SECTION 14.1 SUMMARY
Site-specific recombination entails the precise cleavage and rejoining of DNA ends at specific and reproducible sites in the DNA.
There are two classes of site-specific recombinases, defined by the key nucleophilic amino acid residue at their active sites: tyrosine or serine.
Site-specific recombination can be coupled to replication, or resolution of chromosomal dimers to monomers before cell division, or amplification of plasmid copy number.
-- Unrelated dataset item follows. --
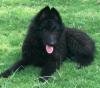 DogsIndia.com - Belgian Shepherd - Akshay Dagar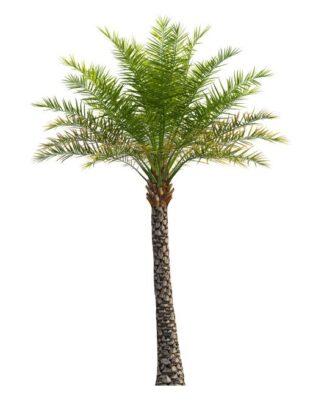 Wild Date Palm,Indian Date Palm, Date-Sugar Palm, Silvester Palm,Toddy Palm, Indian Date Palm, Date Sugar Palm, Silver Date Palm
The mechanism of site-specific recombination can be used to facilitate DNA transactions critical to a viral life cycle.
Biotechnologists have adapted site-specific recombination systems to manipulate DNA segments ranging from plasmids to genomes.
Some organisms use site-specific recombination to regulate gene expression, as in phase variation in Salmonella.
Site-specific recombination can be rendered specific for one particular reaction outcome (integration, deletion, or inversion) by coupling the reaction to the formation of a larger, structured complex in which only one reaction outcome is possible.